Dieser Artikel ist ein Gastbeitrag von Dina Beier. Sie schreibt auf ihrem Blog richKind über das minimalistische Leben, unkomplizierte vegane Ernährung und Freiheit. Mit ihren Inhalten möchte Dina Menschen zu mehr Nachhaltigkeit und Selbstbestimmtheit inspirieren.
Minimalismus entsteht im Wohlstand
Kann sich jeder Minimalismus leisten oder ist das minimalistische Leben ein Konzept für Gutverdiener? Klar ist: Minimalismus entsteht im Wohlstand. Weniger besitzen und besessen werden, weniger Stress und weniger Erreichbarkeit sind Wünsche, die in einer Gesellschaft entstehen, die vom Überfluss geprägt ist.
Während meiner Studienzeit hatte ich nur wenig Geld. Viel Zeug hat sich bei mir über die Jahre trotzdem angesammelt. Hier auf Christofs Blog habe ich zum ersten Mal über Minimalismus gelesen. Danach habe ich angefangen, meinen Besitz zu reduzieren. Manches konnte ich verkaufen, einiges habe ich verschenkt. Das Ausmisten empfand ich als Befreiung.

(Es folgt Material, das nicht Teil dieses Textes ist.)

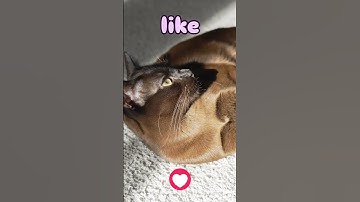 Don’t scroll 💔#cat #catshorts #cuteanimal #cute #catvideos #kitten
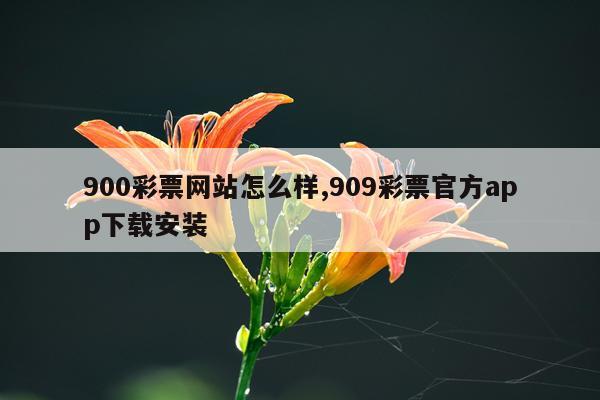 900彩票网站怎么样,909彩票官方app下载安装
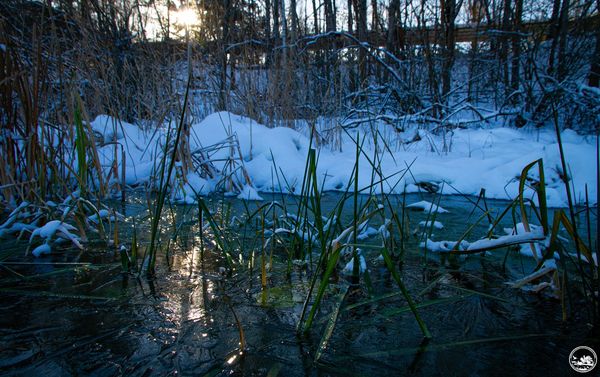 Зима в заповеднике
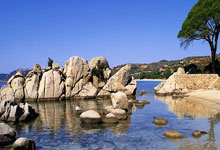 雷火电竞亚洲先驱-塞内加尔绝地反击曼联，博格巴一己之力扛起全队的简单介绍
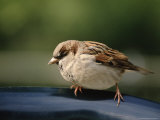 Buy Sparrow, Central Park, Nyc at AllPosters.com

Trotz meiner Geldsorgen habe ich damals freiwillig minimalistisch gelebt. Und auch heute ist es für mich eine freiwillige Entscheidung. Das unterscheidet mich von denjenigen, die einfach zu wenig finanzielle Mittel haben, um sich mehr als das Notwendigste zu leisten. Wer gezwungen ist, mit sehr wenig auszukommen, befindet sich in einer schwierigen Lage und hat wenig Entscheidungsfreiheit. Ein solcher erzwungener Minimalismus ist das Gegenteil einer bewusst gewählten Lebensweise und stellt für die Betroffenen eher eine Notlage dar. Insofern ist absichtlicher Minimalismus durchaus Luxus: Man muss es sich leisten können, bewusst auf bestimmte Dinge zu verzichten.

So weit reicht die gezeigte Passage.